_Problem details_.
For every line below, restate it exactly and drop the images.

_Given data_.
__________________________________________________

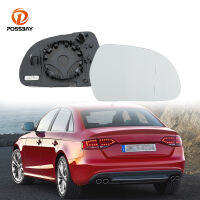 POSSBAY กระจกมองหลังรถยนต์2ชิ้นพร้อมฟังก์ชั่นทำความร้อนสำหรับ Audi A4 S4 B8 A5 S5 2008-2009สีขาวสีฟ้าอุปกรณ์เสริมอัตโนมัติ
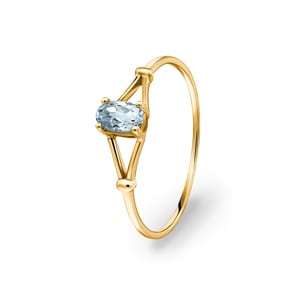 Damenring 750/18 K Gelbgold mit Aquamarin oval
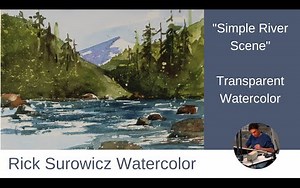 Rick Surowicz Watercolor--水彩教程 - 简单的河流场景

__________________________________________________

_Exercise response_.
 POSSBAY กระจกมองหลังรถยนต์2ชิ้นพร้อมฟังก์ชั่นทำความร้อนสำหรับ Audi A4 S4 B8 A5 S5 2008-2009สีขาวสีฟ้าอุปกรณ์เสริมอัตโนมัติ
 Damenring 750/18 K Gelbgold mit Aquamarin oval
 Rick Surowicz Watercolor--水彩教程 - 简单的河流场景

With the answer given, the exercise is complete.